Materials provided
::::::

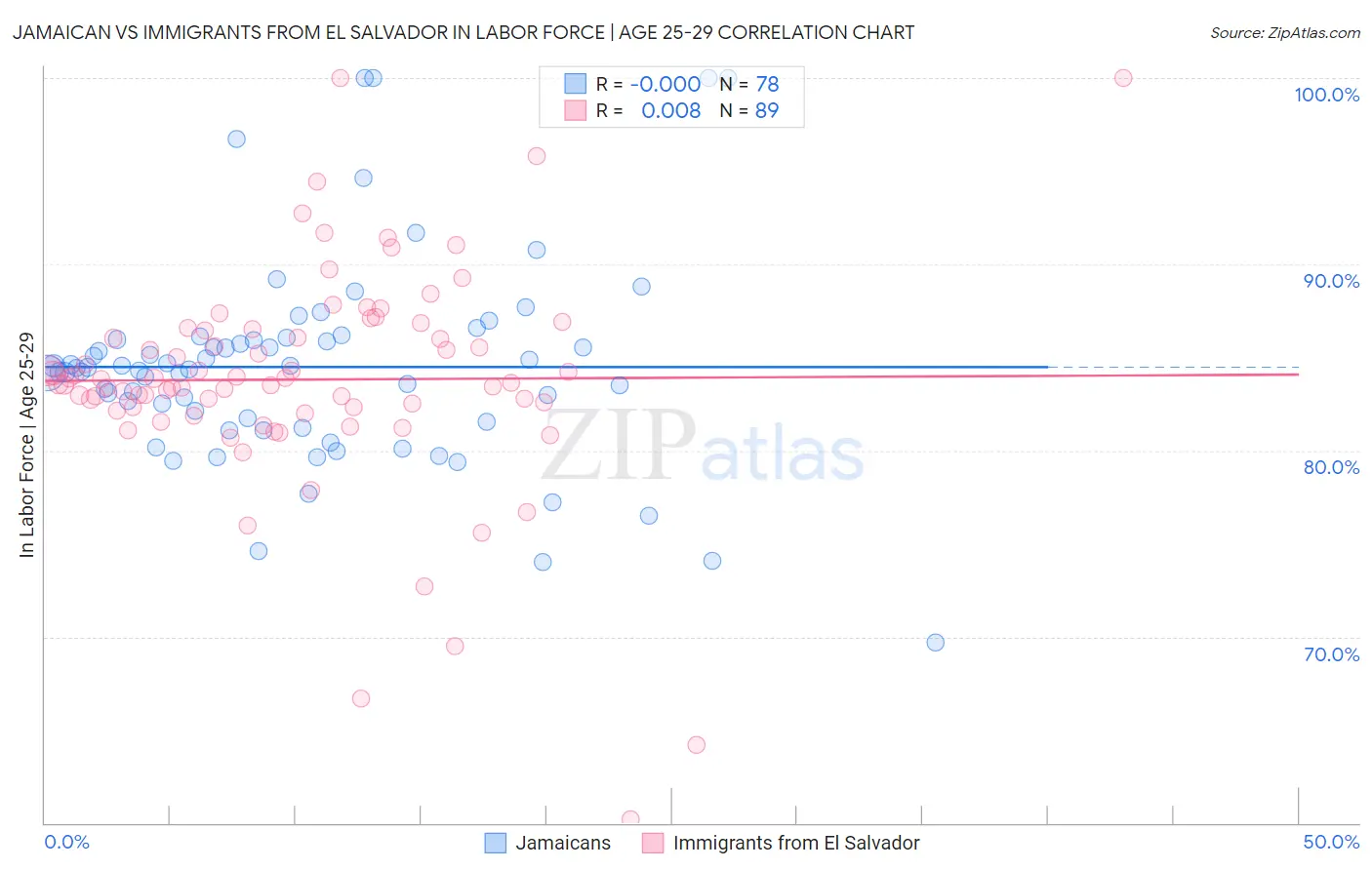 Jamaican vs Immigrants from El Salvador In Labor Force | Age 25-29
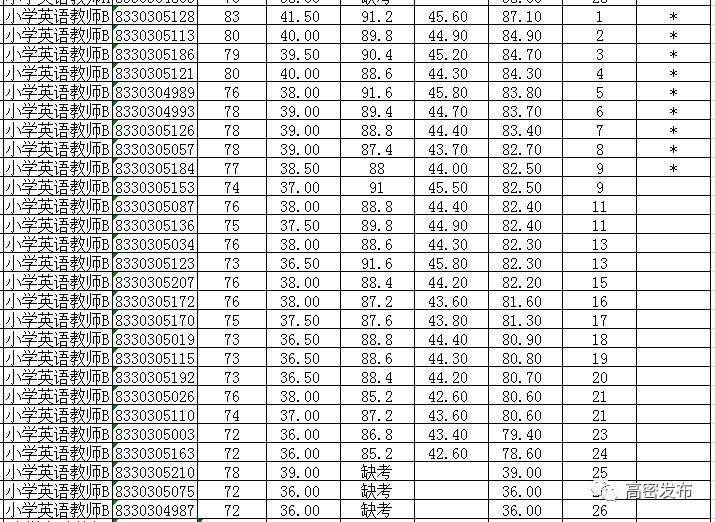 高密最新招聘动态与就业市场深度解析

::::::

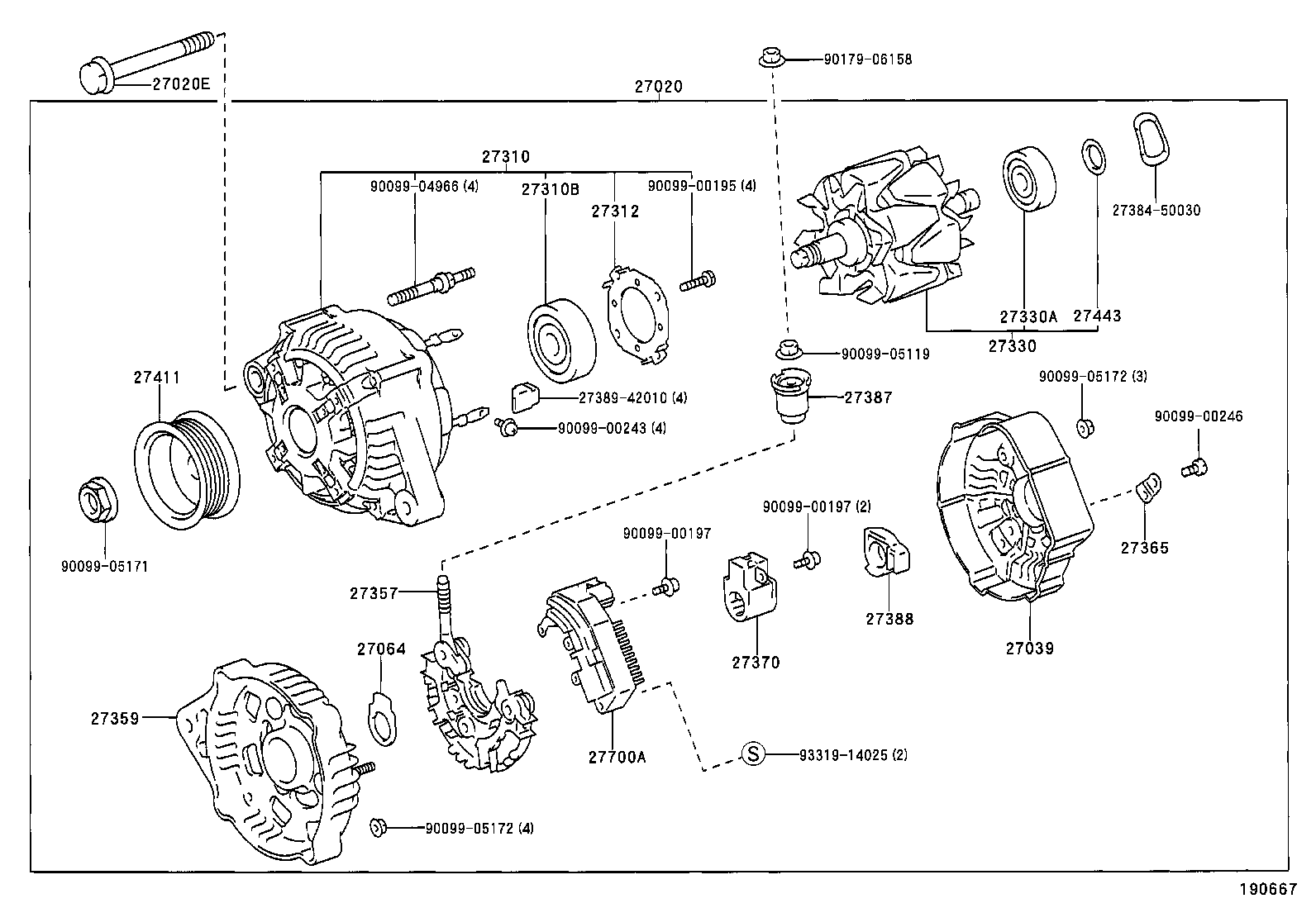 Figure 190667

::::::

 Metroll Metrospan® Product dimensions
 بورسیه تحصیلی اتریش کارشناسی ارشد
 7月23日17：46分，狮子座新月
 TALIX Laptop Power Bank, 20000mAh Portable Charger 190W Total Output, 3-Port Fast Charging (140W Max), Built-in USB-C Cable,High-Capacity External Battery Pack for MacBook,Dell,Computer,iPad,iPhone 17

::::::

About this exercise
Skipping every picture, transcribe exactly the lines above from the one containing "Jamaican vs Immigrants" through the one containing "高密最新招聘动态与就业市场深度解析", both included.

Reply to the task
 Jamaican vs Immigrants from El Salvador In Labor Force | Age 25-29
 高密最新招聘动态与就业市场深度解析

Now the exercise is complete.